§ **Material for the task**:
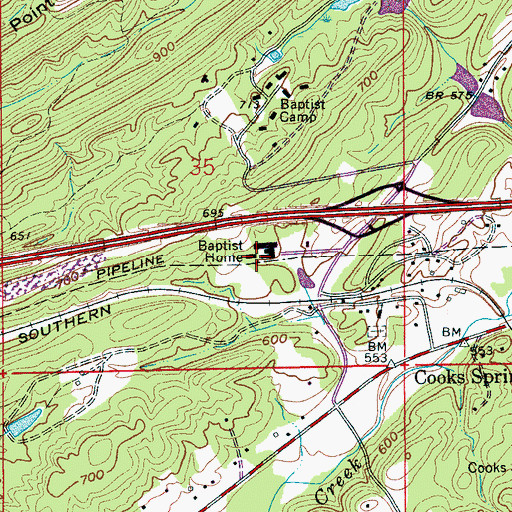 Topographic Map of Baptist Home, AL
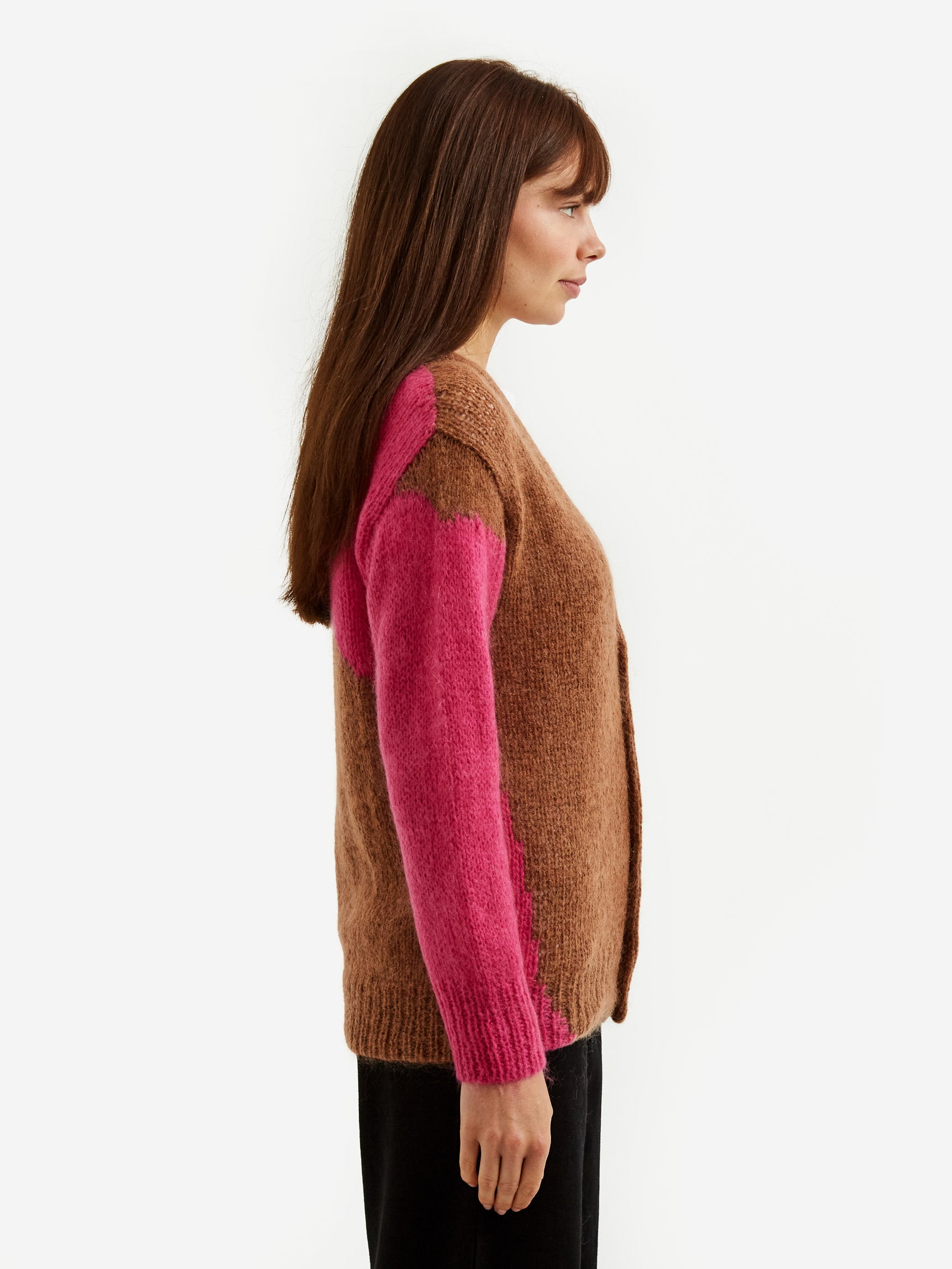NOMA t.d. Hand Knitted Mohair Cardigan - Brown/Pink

==

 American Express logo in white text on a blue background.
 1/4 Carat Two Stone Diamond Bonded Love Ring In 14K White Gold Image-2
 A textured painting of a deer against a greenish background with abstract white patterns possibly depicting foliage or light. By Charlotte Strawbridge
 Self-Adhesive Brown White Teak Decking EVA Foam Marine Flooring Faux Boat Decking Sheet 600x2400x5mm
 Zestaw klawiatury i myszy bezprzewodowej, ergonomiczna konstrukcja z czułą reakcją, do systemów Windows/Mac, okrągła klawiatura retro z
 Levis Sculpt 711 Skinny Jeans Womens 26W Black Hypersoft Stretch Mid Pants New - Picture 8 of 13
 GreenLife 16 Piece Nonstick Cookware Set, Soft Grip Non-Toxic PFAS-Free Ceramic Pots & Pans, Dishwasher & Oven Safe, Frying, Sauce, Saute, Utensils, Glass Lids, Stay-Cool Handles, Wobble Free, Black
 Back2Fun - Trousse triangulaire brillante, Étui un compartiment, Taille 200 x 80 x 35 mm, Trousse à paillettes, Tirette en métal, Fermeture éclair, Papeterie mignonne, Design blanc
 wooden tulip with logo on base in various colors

* * *

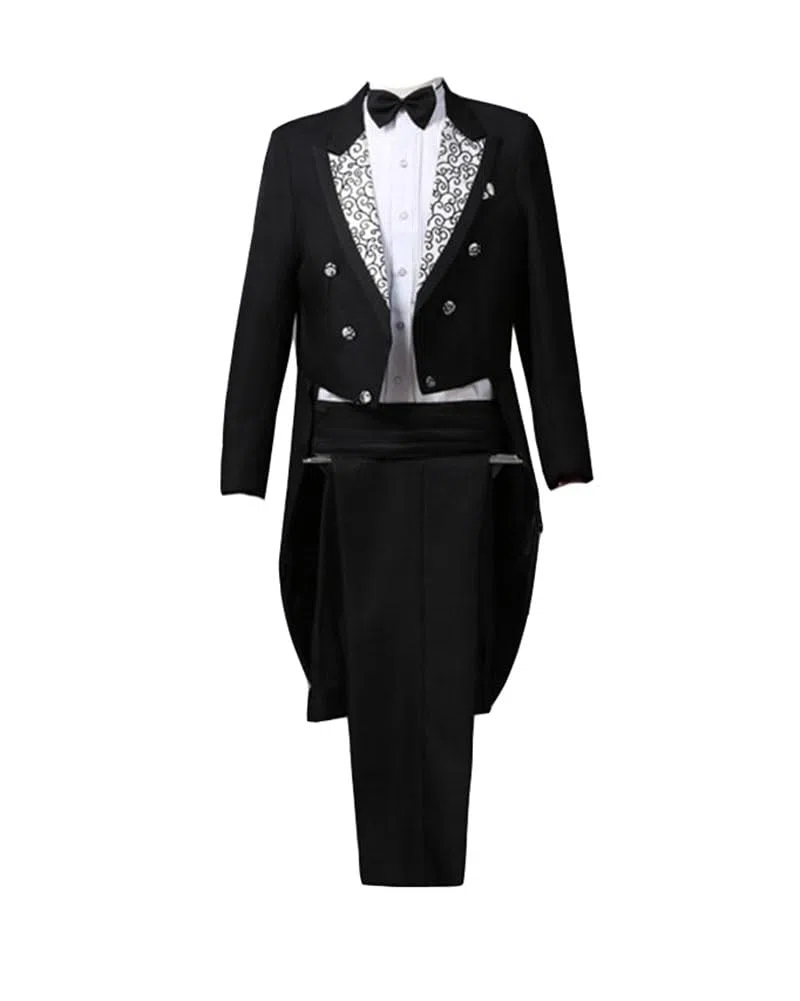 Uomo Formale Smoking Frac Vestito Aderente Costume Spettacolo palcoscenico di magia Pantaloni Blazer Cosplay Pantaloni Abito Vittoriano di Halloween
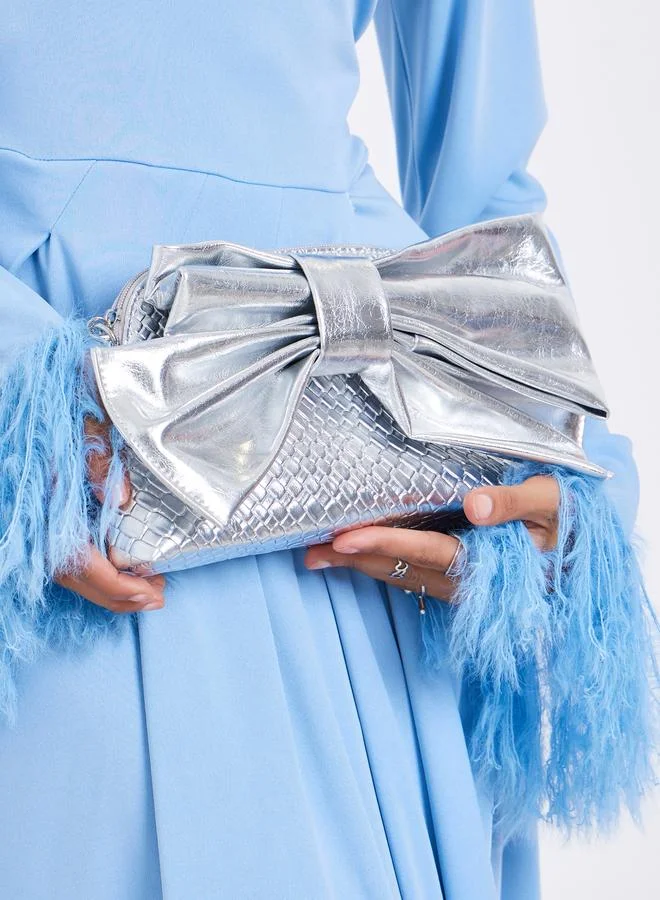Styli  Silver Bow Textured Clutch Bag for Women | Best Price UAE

§ **What is expected**:
Only a number is wanted here: the count of lines in the data that contain the string "Black".

§ **Written response**:
2